In dieser Woche haben wir
einen Sieg davongetragen.
Unmittelbar, nachdem die
Turkel-Kommission aufgestellt war, um den Vorfall mit der Flotille
zu untersuchen, reichte Gush
Shalom dem Obersten Gerichtshof ein
Gesuch ein. Wir verlangten die Ernennung einer vollqualifizierten staatlichen
Untersuchungskommission. Die Gerichtsanhörung war auf letzten Mittwoch
festgelegt. Aber am Dienstagmachmittag rief
das Büro des Justizministers unsere Anwältin, Gabi Lasky, an und
informierte sie über eine Veränderung: der Ministerpräsident habe
im letzten Augenblick entschieden, der Kommission mehr Vollmachten zu
geben, und die Regierung sei dabei, die Veränderung zu bestätigen. Deshalb bat
uns der Staatsanwalt, die Anhörung um zehn Tage zu verschieben .
Keine einzige israelische
Zeitung hatte ein Wort über unser Gesuch gebracht -
etwas Undenkbares, wäre es die Initiative einer rechten Organisation
gewesen. Aber nach der
Terminverschiebung wurde es unmöglich, dies länger zu ignorieren: fast alle
Zeitungen wiesen darauf hin, dass unser Antrag eine wichtige Rolle
bei Netanyahus Entscheidung gespielt hatte.
Jacob Turkel und sein
Freund Jacob Neeman, der Justizminister, der ihn ernannt hatte, waren zu der
Schlussfolgerung gekommen, dass sie vor Gericht verlieren würden. Deshalb
verlangte Turkel, dass die Anzahl der Kommissionsmitglieder als auch die
der Vollmachten vergrößert werden sollte.
Anfangs hatte die
Kommission überhaupt kein
juristisches Ansehen. Netanyahu hatte nur drei nette Leute darum gebeten,
festzustellen, dass die Aktion der Regierung mit dem internationalen Gesetz
nicht kollidierte – mehr nicht.

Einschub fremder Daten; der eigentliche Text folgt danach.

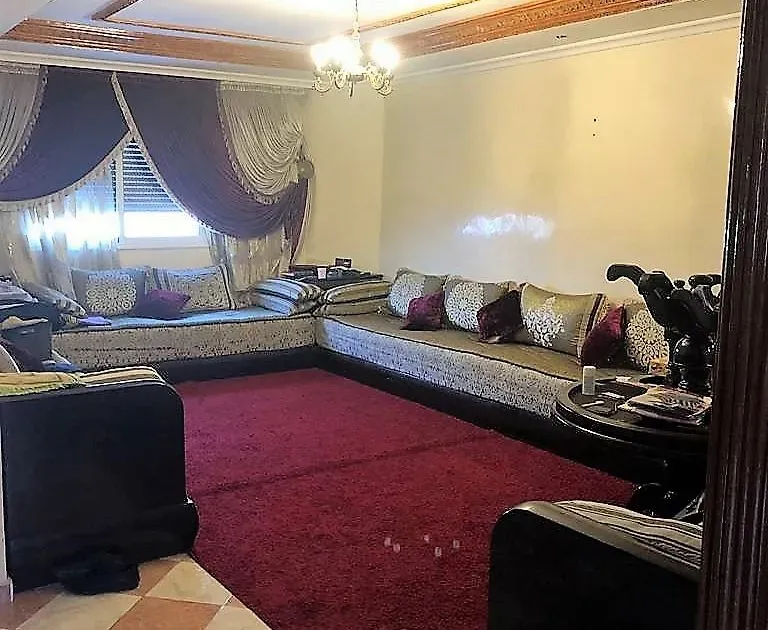 Duplex à vendre 980 000 dh 120 m², 3 chambres - La Siesta Mohammadia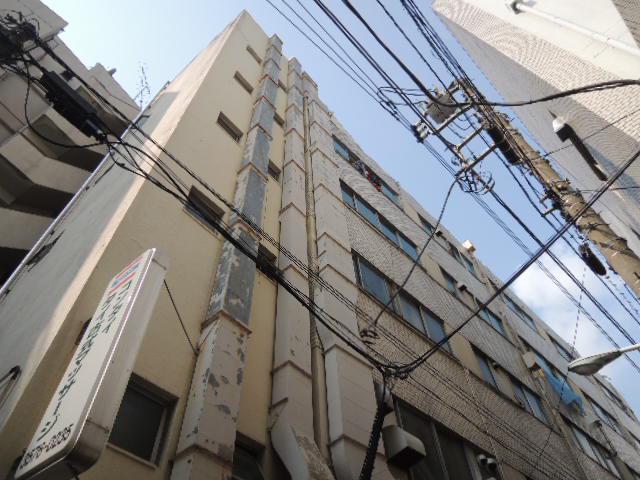 久保田ビル(2DK/5階)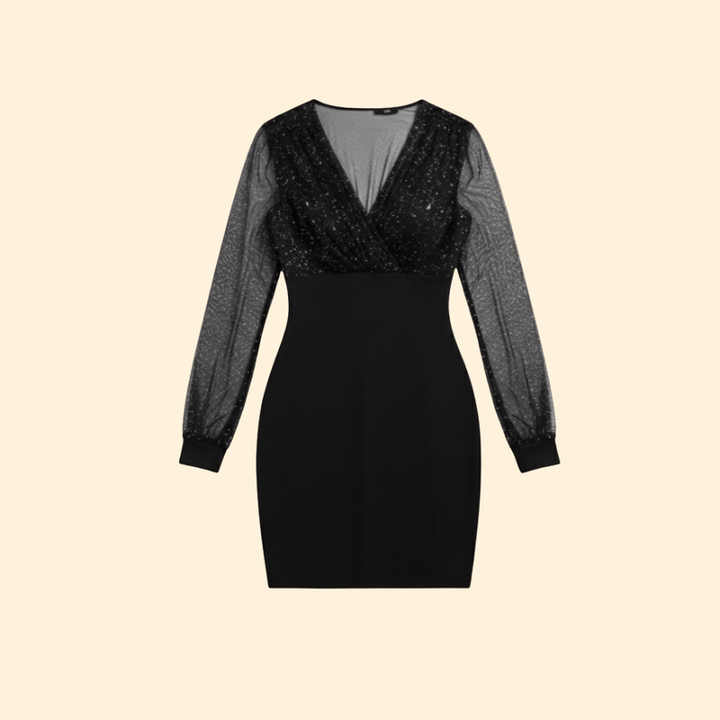 Women's Glittering Romantic Dress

Jetzt scheint es so, als würde ihr das
juristische Ansehen einer „Regierungsuntersuchungskommission“ gegeben, aber
bestimmt nicht einer „Staatlichen Untersuchungskommission“. Zwischen beiden ist
ein Riesenunterschied.
DIE INSTITUTION, die
„Staatliche Untersuchungskommission“ genannt wird, ist einzigartig israelisch.
Sie gründet sich auf ein besonderes Gesetz, auf das wir alle stolz sein können.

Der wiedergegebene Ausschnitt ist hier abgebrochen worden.